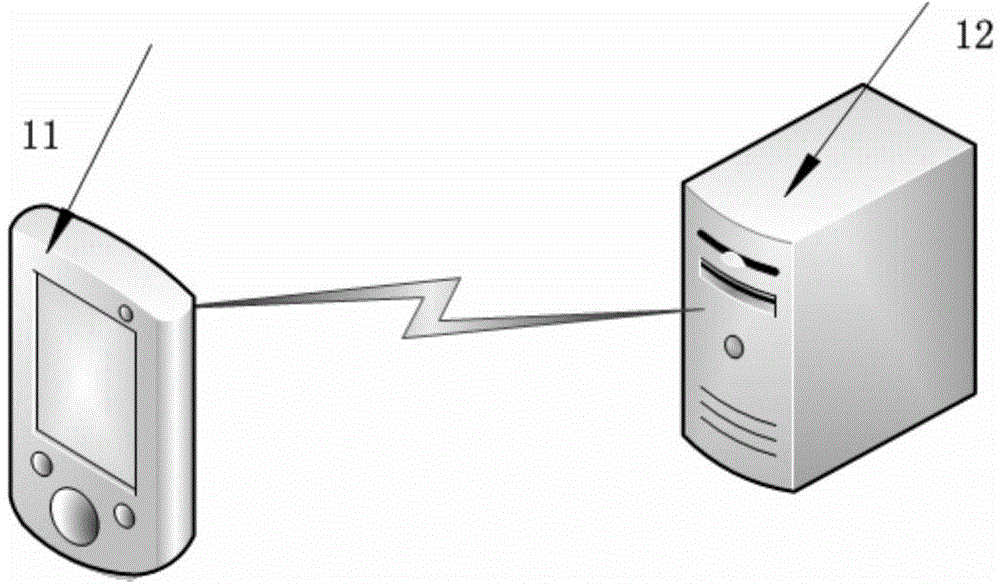 Service operation control method and apparatus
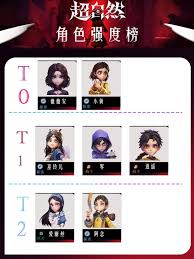 超自然行动组单队角色强度排名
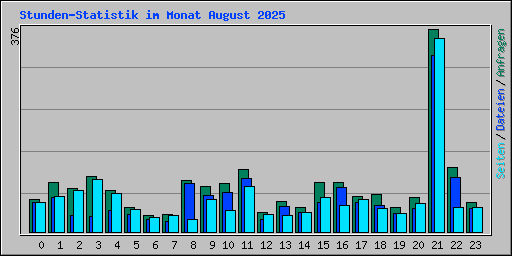 Stunden-Statistik im Monat August 2025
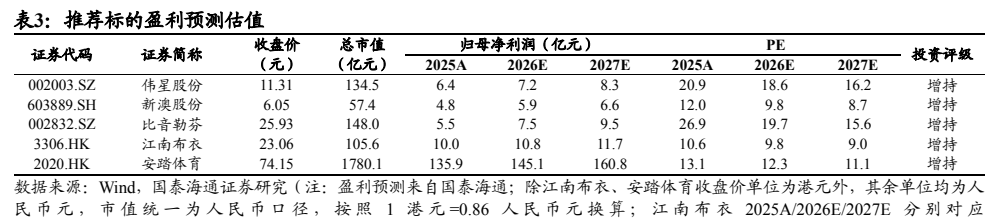 **图3. 表 3: 推荐标的盈利预测估值**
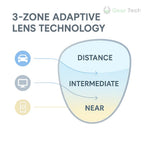 Progressive Glasses | Adaptive Tint & Blue Light Protection | Reduced Eye Strain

+ + + + + + +

▶ _Task objective_:
Restate each line of the material word for word, skipping any picture.

▶ _Response box_:
 Service operation control method and apparatus
 超自然行动组单队角色强度排名
 Stunden-Statistik im Monat August 2025
 **图3. 表 3: 推荐标的盈利预测估值**
 Progressive Glasses | Adaptive Tint & Blue Light Protection | Reduced Eye Strain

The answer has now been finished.